The novel's title alludes to Hebrews 12:1: "we also are compassed about with so great a cloud of witnesses", as well as to G. K. Chesterton's short story "The Man in the Passage", where this reference to the Bible hints to the literary motif of mirrors and reflections, symbolizing the difficulties of human perception. In solving the mystery, Lord Peter's problem is the opposite of the usual case: rather than having too few clues to go on, there are too many, and Peter pursues several avenues that turn out to be false before hitting on what really happened.

Plot summary

After the events of Whose Body?, Lord Peter Wimsey goes on an extended holiday in Corsica. Returning to Paris, he receives the news that his sister Mary's fiancé, Captain Denis Cathcart, has been found shot dead outside the Wimseys' shooting lodge at Riddlesdale in Yorkshire. His brother, Gerald, Duke of Denver, has been arrested for the murder. Cathcart was killed by a bullet from Denver's revolver, and Denver's only alibi is that he was out for a walk at the time Cathcart died. Gerald admits that he quarrelled with Cathcart earlier that night, having received a letter from a friend which told him that Cathcart had been in trouble in Paris for cheating at cards. Later that night, Mary went outside and found Gerald kneeling over Cathcart's body.

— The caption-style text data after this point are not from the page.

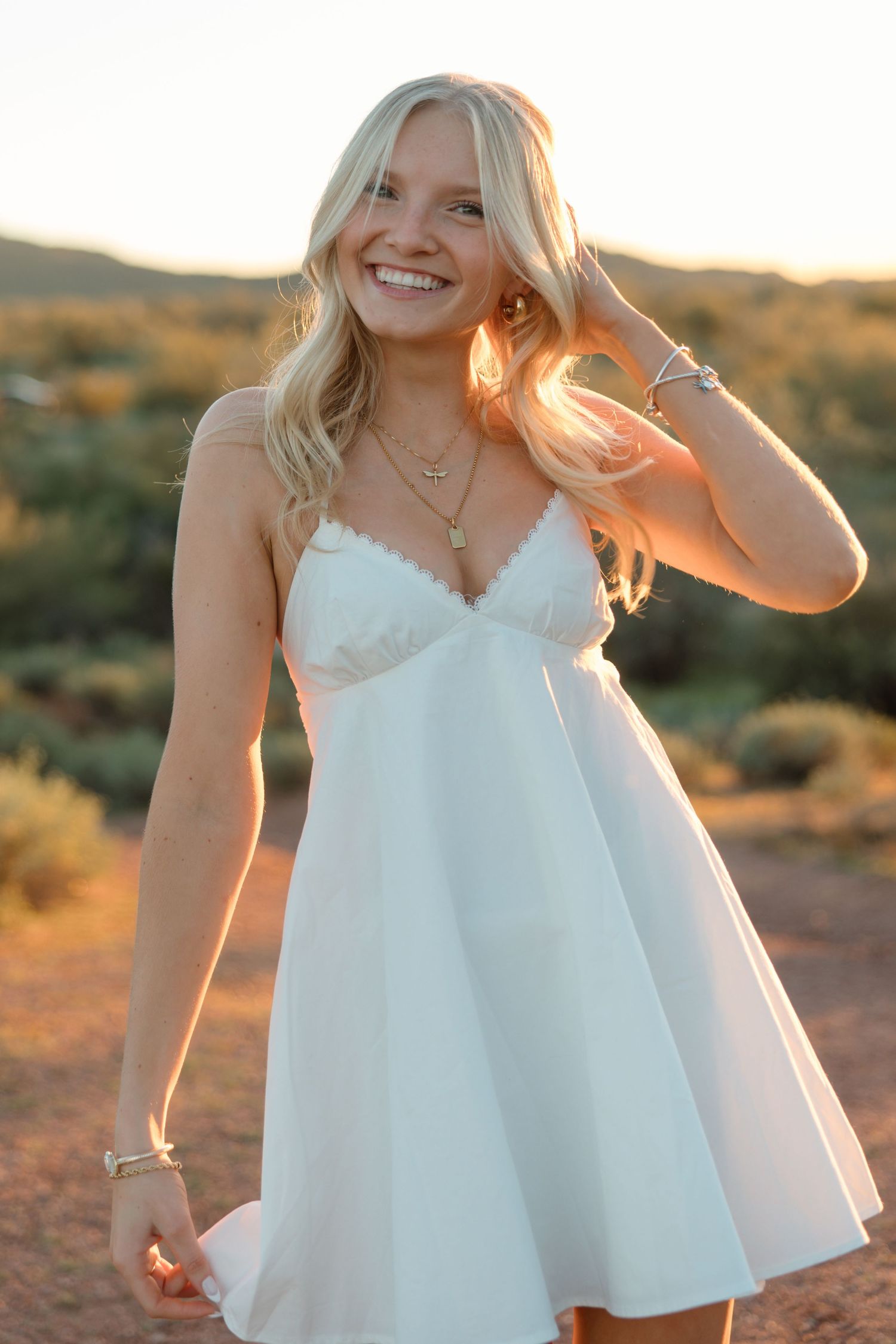 Radiant blonde woman in white mini dress posing in glowing sunset desert landscape.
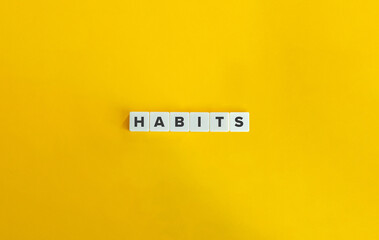 Habits Word on Letter Tiles on Yellow Background. Minimal Aesthetics.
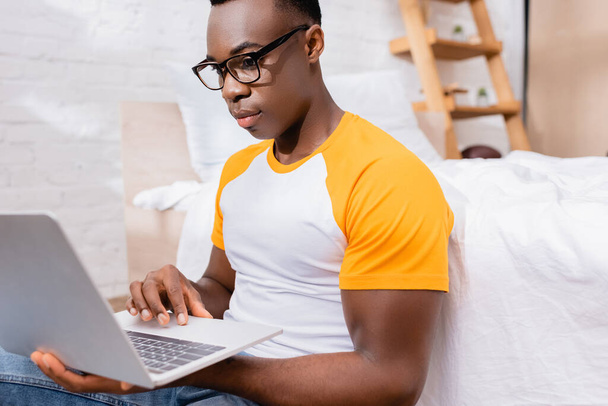 African american freelancer in eyeglasses using laptop on blurred foreground in bedroom  - 写真・画像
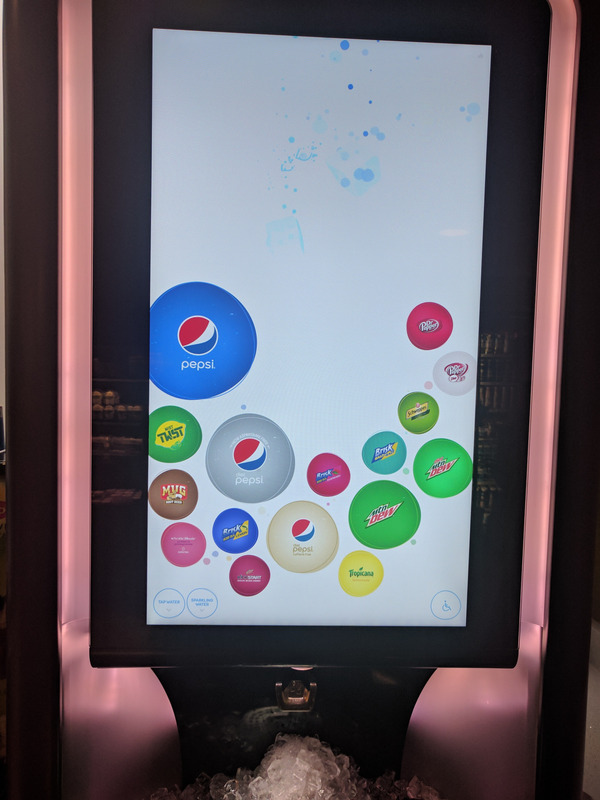 A closeup of a very tall touchscreen Pepsi dispenser. The various soda options are arrayed in a half-circle that stretches nearly two-thirds of the height of the screen, with some more popular brands much larger than others. An accessibility icon is in the lower-right corner of the screen.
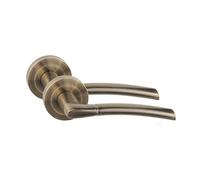 Golden Grace Indiana Antique Brass Door Handles on Rose, 1 Pair | Smooth metal construction offers a comfortable, secure grip, bringing a sleek and elegant touch to interior doors.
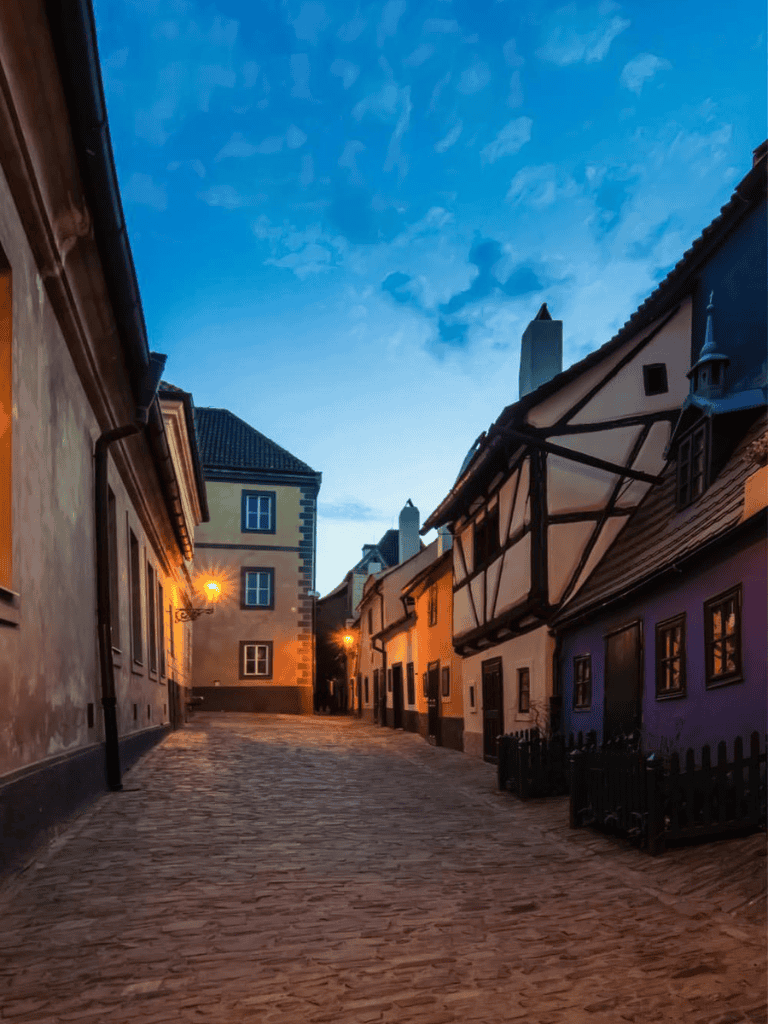 Quiet historic European street with cobblestone pavement and charming old buildings during twilight.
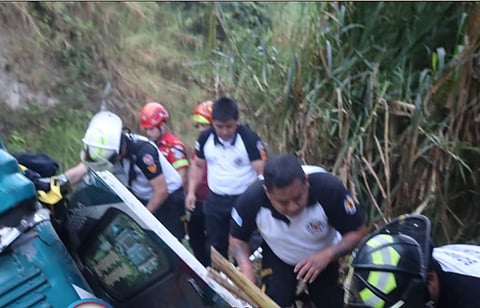Rescue workers are seen at the accident site where at least 31 people died when a bus fell into a ravine in Guatemala on Monday.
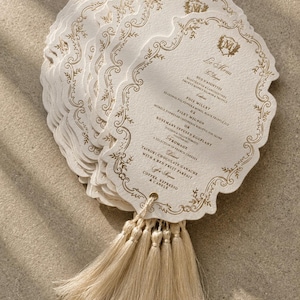May include: A stack of off-white, scalloped-edge menu cards featuring gold foil filigree borders and a central monogram. Each card includes printed text detailing a multi-course meal and is finished with a beige tassel attached through a metal eyelet.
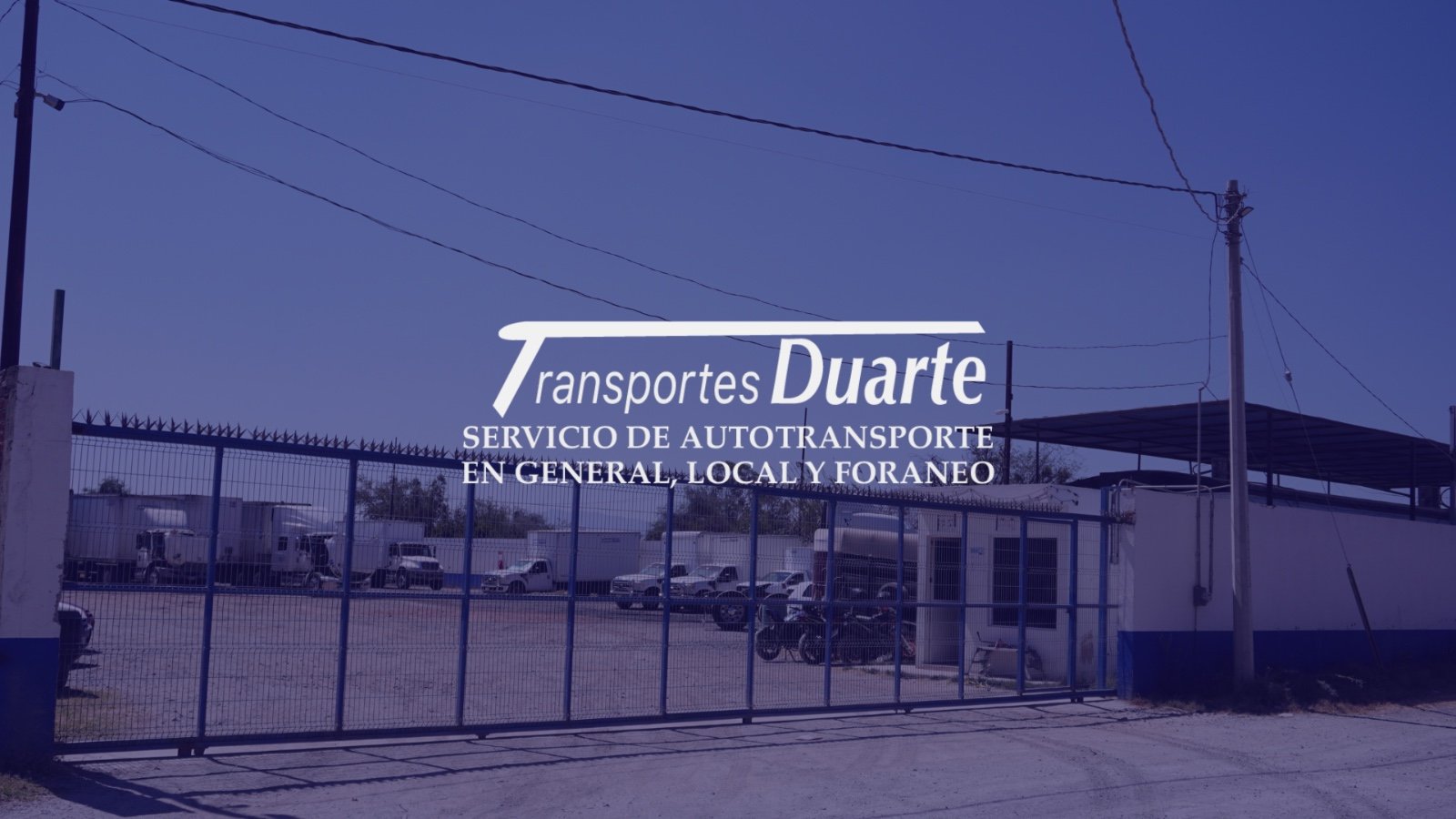 Transportes Duarte facility entrance with gate and parked trucks in the background.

Peter and his close friend, Inspector Charles Parker, investigate the grounds, and find several tantalizing clues: footprints belonging to a strange man, motorcycle tracks outside the grounds and a piece of jewellery, a lucky charm in the shape of a cat. They also agree that both Gerald and Mary are hiding something; Gerald stubbornly refuses to budge from his story that he was out for a walk, and Mary is faking a severe illness to avoid talking to anyone.

In the course of the following weeks, Peter investigates several false avenues. The man with the footprints turns out to be Mary's secret fiancé, Goyles, a radical Socialist agitator considered "an unsuitable match" by her family, who was meeting Mary to elope with her. She had been covering for him on the assumption that he killed Cathcart, but when Goyles is caught, he admits that he simply ran away in fear when he discovered the body. Furious and humiliated, Mary breaks off their engagement.

While investigating the surrounding countryside Peter meets a violent, homicidal farmer, Mr. Grimethorpe, with a stunningly beautiful wife. Grimethorpe seems a likely killer, but while investigating his alibi (and nearly being killed by stumbling into a bog pit), Peter confirms that Grimethorpe was elsewhere on the fatal night. However, he discovers that Gerald was visiting Grimethorpe's wife. Gerald has refused to admit it, even to his family or his lawyers.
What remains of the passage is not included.